Les faits : Dans une société en constante évolution, les droits des femmes et l’égalité de genre sont devenus des sujets importants. Le concept « debitum conjugal » est rattaché à des idées traditionnelles de mariage où l’époux, est vu comme ayant des obligations spécifiques envers l’autre. Cependant, avec l’évolution des droits de la femme et des relations plus équilibrées, ces concepts sont en train de changer.
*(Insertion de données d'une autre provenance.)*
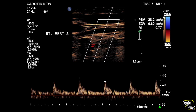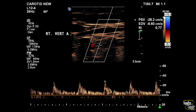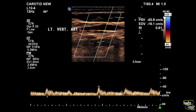Now let's end with the vertebral arteries. Both vertebral arteries show normal flow velocity. The right vertebral artery shows around 28 centimeters per second and the left vertebral artery shows 40 centimeters per second. The resistive index is higher on the right one, so the left vertebral artery is relatively giving the brain more blood supply. However, both are showing antegrade flow.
C’est le cas avec la décision de la Cour Européenne des Droits de l’Homme [CEDH], qui vient de condamner la France ce 23 janvier 2025 dans l’affaire H.W. c. France [requête no 13805/21], en tranchant qu’une femme qui refuse des rapports sexuels à son mari ne doit pas être considérée par la justice comme « fautive » en cas de divorce. La Cour a donné raison à la requérante, une Française de 69 ans dont le mari avait obtenu le divorce aux torts exclusifs de son épouse au motif qu’elle avait cessé d’avoir des relations sexuelles avec lui depuis plusieurs années.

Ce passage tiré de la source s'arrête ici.